Rahm played the first three rounds in 13 under at the multi-course Californian resort near Palm Springs but still found himself five behind American Lee Hodges. For Rahm, it is simply too straightforward. “If you come out here and you’re not shooting six or seven under for the most part, you’re almost losing strokes,” he said.
At least Hatton’s gripe with Yas Links was focused on just one hole – the 664-yard monster 18th. The Englishman actually birdied it in the final round but, if anything, was feeling even more disdain than on Saturday, when he labelled it “one of the worst par-fives I’ve ever seen”.
Hatton made a double-bogey seven there in the second round and a quadruple-bogey nine in the third round and the maths only poured paraffin on his anger.
He finished in a tie for sixth on seven under courtesy of a 67, three behind champion Thomas Pieters. If Hatton had merely made two bogeys on the 18th on Friday and Saturday, he would have won by a stroke. Cue a doubling down of his fury.
“I would love for a bomb to drop on it and blow it to oblivion, to be honest,” he said. “It’s just such a terrible finishing hole. And the fact that they moved the tee back today is ridiculous. I hit a really good tee shot and still had 290 [yards] to the front. I could peg up a driver and still not get there. It would be a better finishing hole if you’re actually rewarded for hitting the fairway, which, as it stands, you’re not.”

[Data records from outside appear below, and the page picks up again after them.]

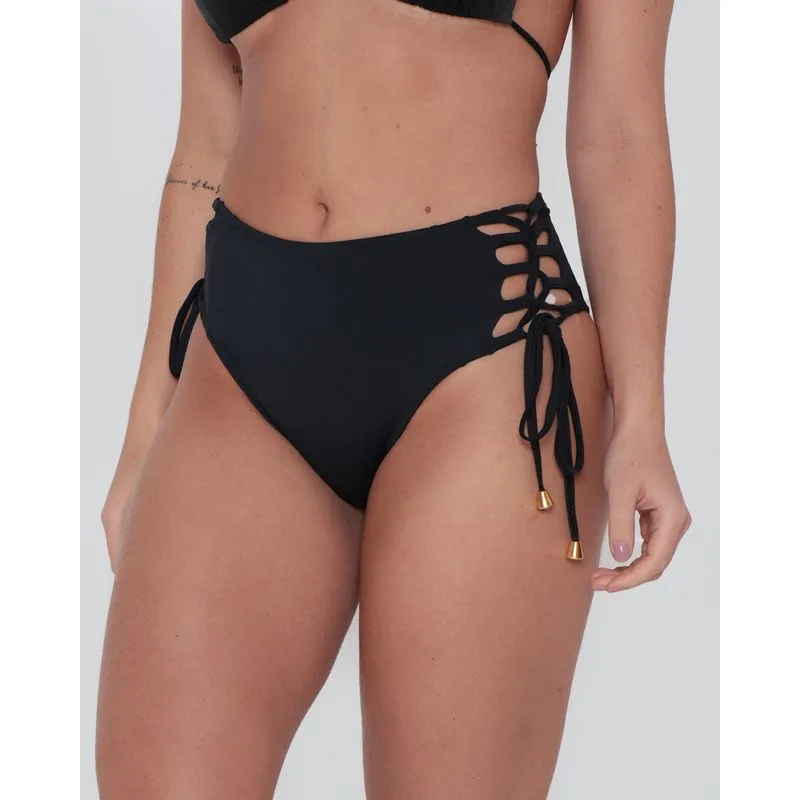 Biquíni Calcinha Feminino Hot Pant Trançado Lateral Preto M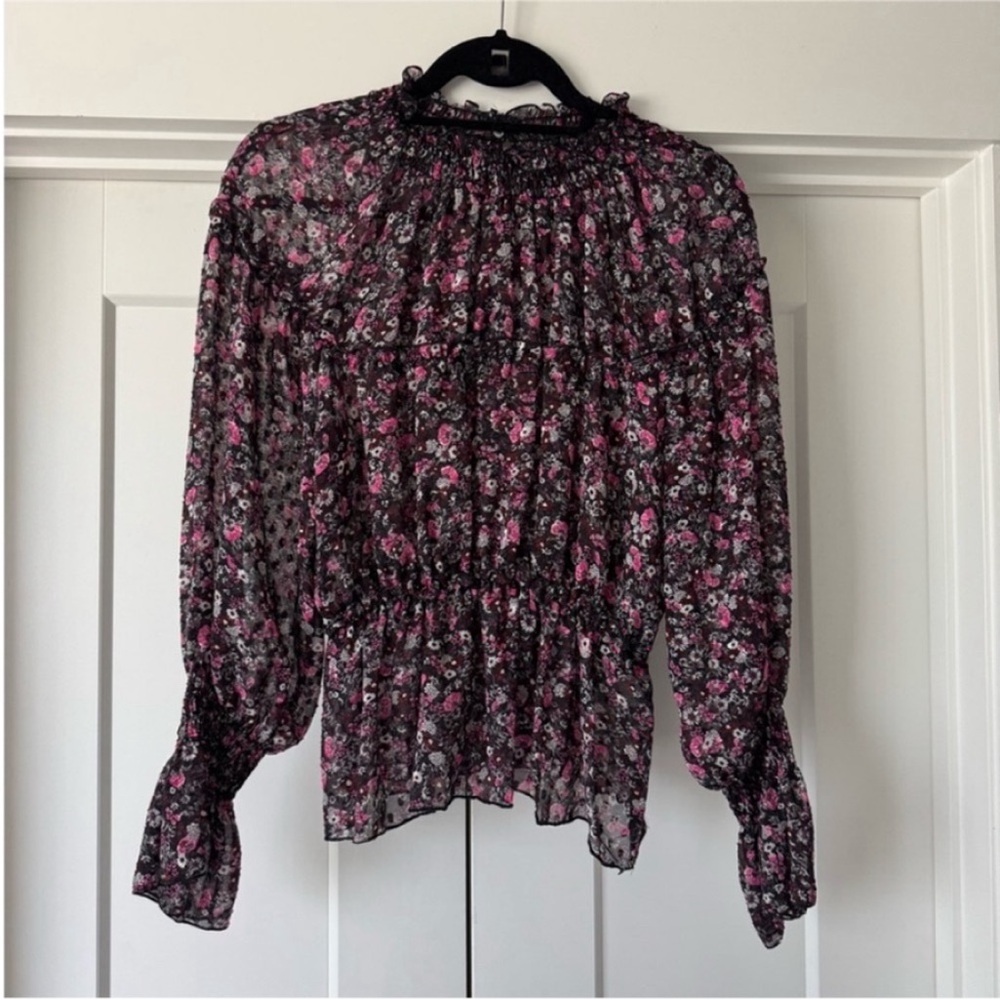 Zara Purple Ruffled Smocked Blouse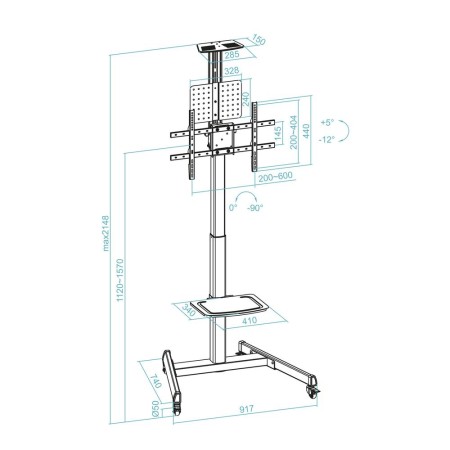 Soporte suelo ruedas tooq rotacion 90° cometa 37 - 70 pulgadas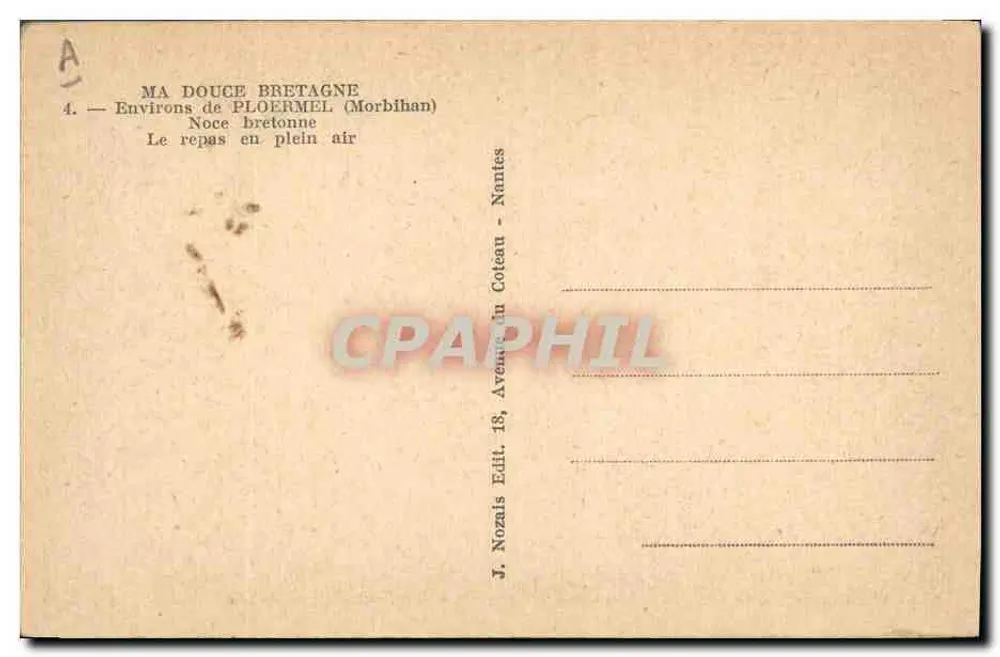 Bretone Hochzeit — Mahl im Freien — J. Nozais, Verleger - Rückseite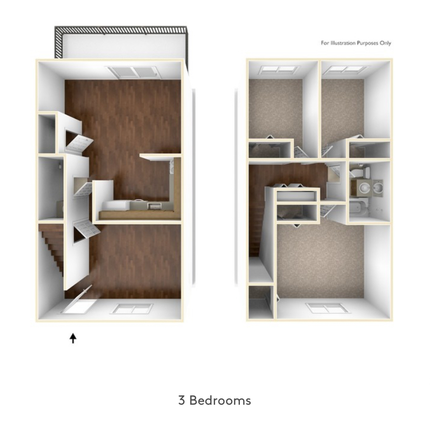 3 bedroom floor plan, with the biggest room being the room that is available. - Rolling Green Apartments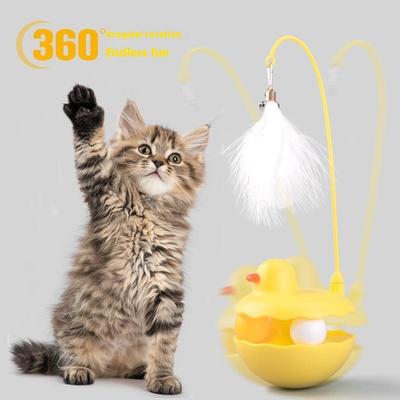 Çıkarılabilir Tüyler ve Çanlar ile Devrilmez Kedi Oyalayıcı Oyuncak - Kendi Kendini Eğlendiren Yavru Kedi Oyun Çubuğu Temizlemesi ve Yeniden Montajı Kolay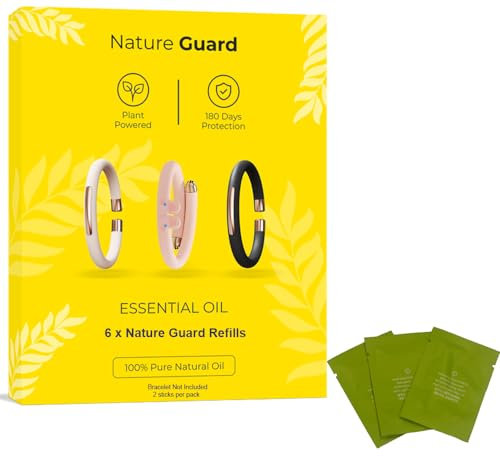 Nature Guard 6 Essential Oil Refills (2 Sticks per Pack) | No DEET Mosquito Repellent | Nature Guard (Refills)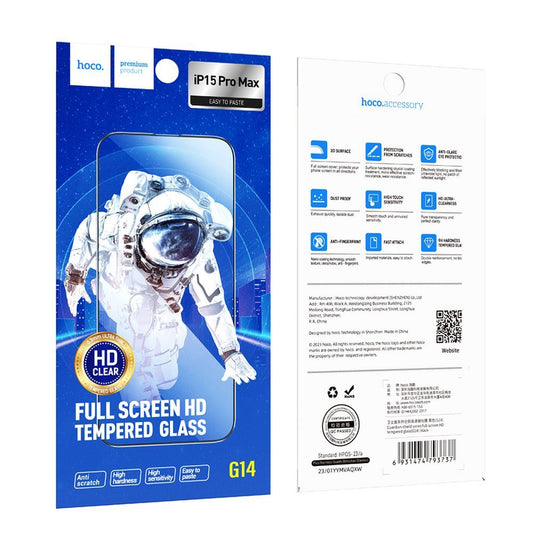 Schutzfolie HOCO G14 für Apple iPhone 15 Pro Max, gehärtetes Glas, Full Glue, Set 10 Stück, 5D, Schwarz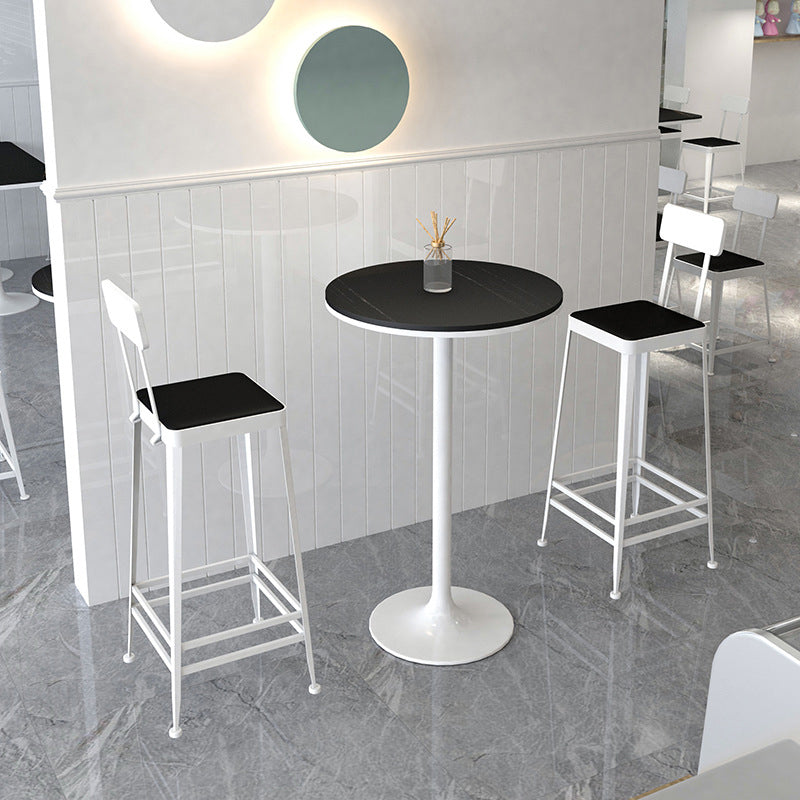 Modern Minimalist Square PU Leather Upholstered Iron Frame Bar Stool Backrest Footrest For Dining Room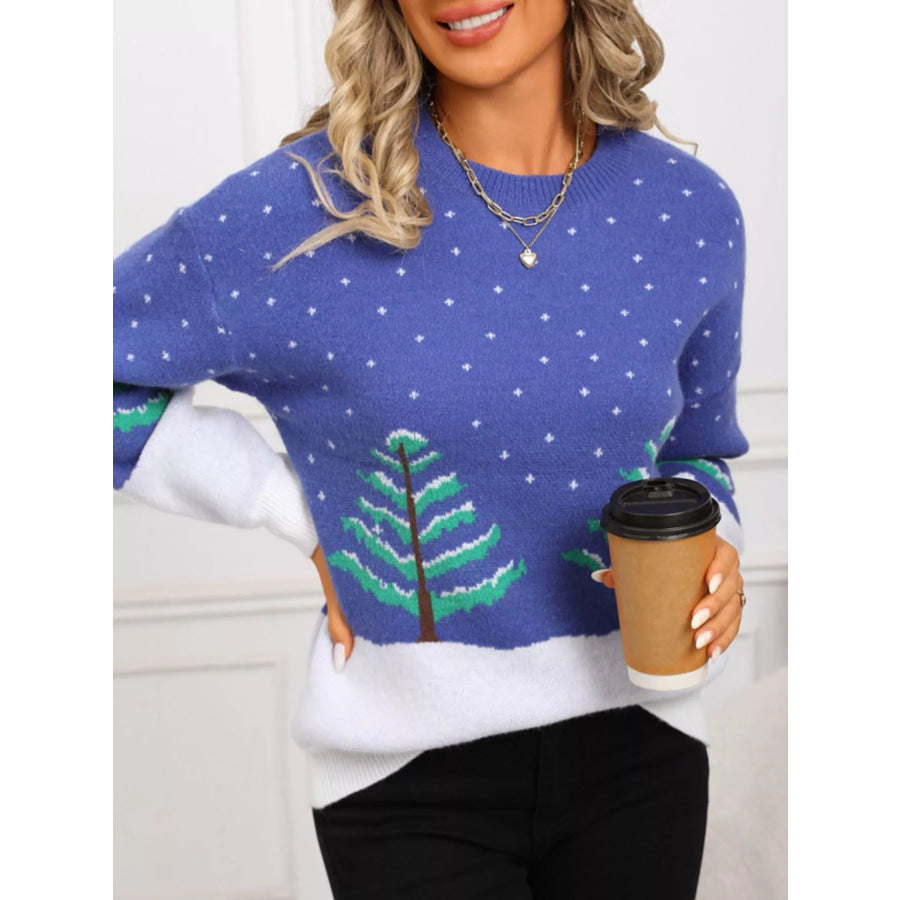 Tree Pattern Round Neck Sweater Apparel and Accessories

Hatton won the event 12 months ago when it was staged at Abu Dhabi Golf Club. To say he is not an admirer of the new venue would be a ridiculous understatement. “I’m obviously not a fan. We are due to come back here next year and it would be nice if they redesigned it. But I think that’s a bit of an ask. Perhaps I may not be back,” he said.
His misery was in stark contrast to Pieters’s joy, which should also be felt by every European Ryder Cup fan after the comeback of a man who made such an impression by gaining four points in the 2016 dust-up.
He has hardly disappeared since but his failure to build on that potential has become a talking point. With two wins in his past three events, he at last seems to be back on track.
With a level-par 72, Pieters signed for 10 under to move back into the world’s top 35 with a £1 million cheque, his biggest payday yet.
Rory McIlroy finished in a tie for 12th on five under after a 69. Having only scraped inside the cut, he will head into this week’s Dubai Desert Classic with some confidence.